Wolfgang Pauli was born on April 25th, 1900 in Vienna. He received his early education in Vienna before studying at the University of Munich under Arnold Sommerfeld. He obtained his doctor’s degree in 1921 and spent a year at the University of Göttingen as assistant to Max Born and a further year with Niels Bohr at Copenhagen. The years 1923-1928 were spent as a lecturer at the University of Hamburg before his appointment as Professor of Theoretical Physics at the Federal Institute of Technology in Zurich. During 1935-1936, he was visiting Professor at the Institute for Advanced Study, Princeton, New Jersey and he had similar appointments at the University of Michigan (1931 and 1941) and Purdue University (1942). He was elected to the Chair of Theoretical Physics at Princeton in 1940 but he returned to Zurich at the end of World War II.

Pauli was outstanding among the brilliant mid-twentieth century school of physicists. He was recognized as one of the leaders when, barely out of his teens and still a student, he published a masterly exposition of the theory of relativity. His exclusion principle, which is often quoted bearing his name, crystallized the existing knowledge of atomic structure at the time it was postulated and it led to the recognition of the two-valued variable required to characterize the state of an electron. Pauli was the first to recognize the existence of the neutrino, an uncharged and massless particle which carries off energy in radioactive ß-disintegration; this came at the beginning of a great decade, prior to World War II, for his centre of research in theoretical physics at Zurich.

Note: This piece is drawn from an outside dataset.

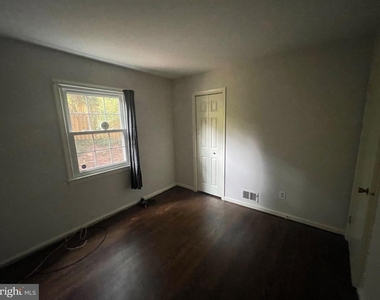 9609 Barkston Court - Photo Thumbnail 19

Pauli helped to lay the foundations of the quantum theory of fields and he participated actively in the great advances made in this domain around 1945. Earlier, he had further consolidated field theory by giving proof of the relationship between spin and”statistics” of elementary particles. He has written many articles on problems of theoretical physics, mostly quantum mechanics, in scientific journals of many countries; his Theory of Relativity appears in the Enzyklopaedie der Mathematischen Wissenschaften, Volume 5, Part 2 (1920), his Quantum Theory in Handbuch der Physik, Vol. 23 (1926), and his Principles of Wave Mechanics in Handbuch der Physik, Vol. 24 (1933).

Pauli was a Foreign Member of the Royal Society of London and a member of the Swiss Physical Society, the American Physical Society and the American Association for the Advancement of Science. He was awarded the Lorentz Medal in 1930.

Wolfgang Pauli married Franciska Bertram on April 4th, 1934. He died in Zurich on December 15th, 1958.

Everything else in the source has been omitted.